Il Real Madrid non è la società esattamente più indicata per valorizzare i giovani e Kovacic ha bisogno di chi lo completi e lo faccia diventare finalmente un grande giocatore. In ogni caso, anche qualora dovesse esplodere sarò contento che non l'avrà fatto all'Inter, in caso contrario sarà l'Inter ad aver fatto l'affare, anche se ora come ora, con la partenza di Kovacic, Medel diventa titolare e la cosa non può farmi che piacere.


----------



## Il Genio (16 Agosto 2015)

Splendidi Incisivi ha scritto:


> Il Real Madrid non è la società esattamente più indicata per valorizzare i giovani e Kovacic ha bisogno di chi lo completi e lo faccia diventare finalmente un grande giocatore. In ogni caso, anche qualora dovesse esplodere sarò contento che non l'avrà fatto all'Inter, in caso contrario sarà l'Inter ad aver fatto l'affare, anche se ora come ora, con la partenza di Kovacic, Medel diventa titolare e la cosa non può farmi che piacere.

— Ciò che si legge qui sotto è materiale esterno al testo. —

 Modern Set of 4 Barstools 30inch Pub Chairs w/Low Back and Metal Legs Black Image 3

All'inter purtroppo non hanno galliani 
Stai pur certo che con quei soldi compreranno uno coi fiocchi


----------



## Splendidi Incisivi (16 Agosto 2015)

Il Genio ha scritto:


> All'inter purtroppo non hanno galliani
> Stai pur certo che con quei soldi compreranno uno coi fiocchi


Dopo le partenze di Shaqiri e Kovacic arriverà certamente Perisic.


----------



## koti (16 Agosto 2015)

Gre-No-Li ha scritto:


> Magari mi sbaglio ma 35/40 milioni per uno che non ha dimostrato praticamente niente sono fuori dal mondo. Quanti scudetti ha vinto l'Inter, quante coppe, quanti posti champ? Scommettiamo che fra un paio d'anni torna come saldo?

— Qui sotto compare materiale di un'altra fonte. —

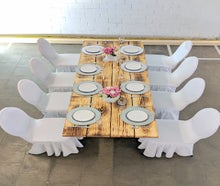 Rustikaler Holztisch aus alten Bohlen mieten – Vintage Banketttisch (220x80 cm) für Hochzeiten & Events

Vi sorprendete per Kovacic a 35 e non per Kondogbia e Dybala pagati la stessa cifra? Anche questi hanno ancora da dimostrare tantissimo. 
Kovacic per me è parecchio sottovalutato, ha un talento e potenzialità davvero notevoli. Il problema è che nel Real non giocherà mai o comunque pochissimo, per lui era meglio andare in una squadra inglese come ad esempio il Liverpool


----------



## Casnop (16 Agosto 2015)

Renegade ha scritto:


> E ti pareva che non doveva esserci la sorpresa sotto? Operazione a dir poco DEMENZIALE. Kovacic è per distacco il miglior centrocampista in rosa. Hanno speso 30M per un interditore che in fase di costruzione è quasi nullo, cedendo invece uno che se messo a costruire il gioco è tra i migliori in circolazione - statistiche alla mano. Ceduto poi a 35 che con i prezzi di oggi è una cifra ridicola. Adesso arriverà Melo e si punterà solo su interdizione e fisicità a centrocampo. Con questa cessione l'Inter si è scavata la fossa. Boh, ma si può essere così demenziali? Cioè ti rattoppi da una parte e ti crei danni dall'altra. Ecco perché il calcio italiano non si evolve. Continuiamo a cedere i pezzi migliori senza logica, continuiamo. Ora si capiscono le mosse di Thohir. Figurarsi se ci metteva un euro di tasca sua.


Ci stupiamo? Mancini!


----------



## Renegade (16 Agosto 2015)

Kovacic a 35 non è per niente una cifra giusta. Ha ottime qualità tecniche e con i prezzi che girano oggi avrebbero dovuto venderlo a molto di più. Firmino è stato ceduto per più di 40M, cosa avrebbe fatto più del croato? Dai...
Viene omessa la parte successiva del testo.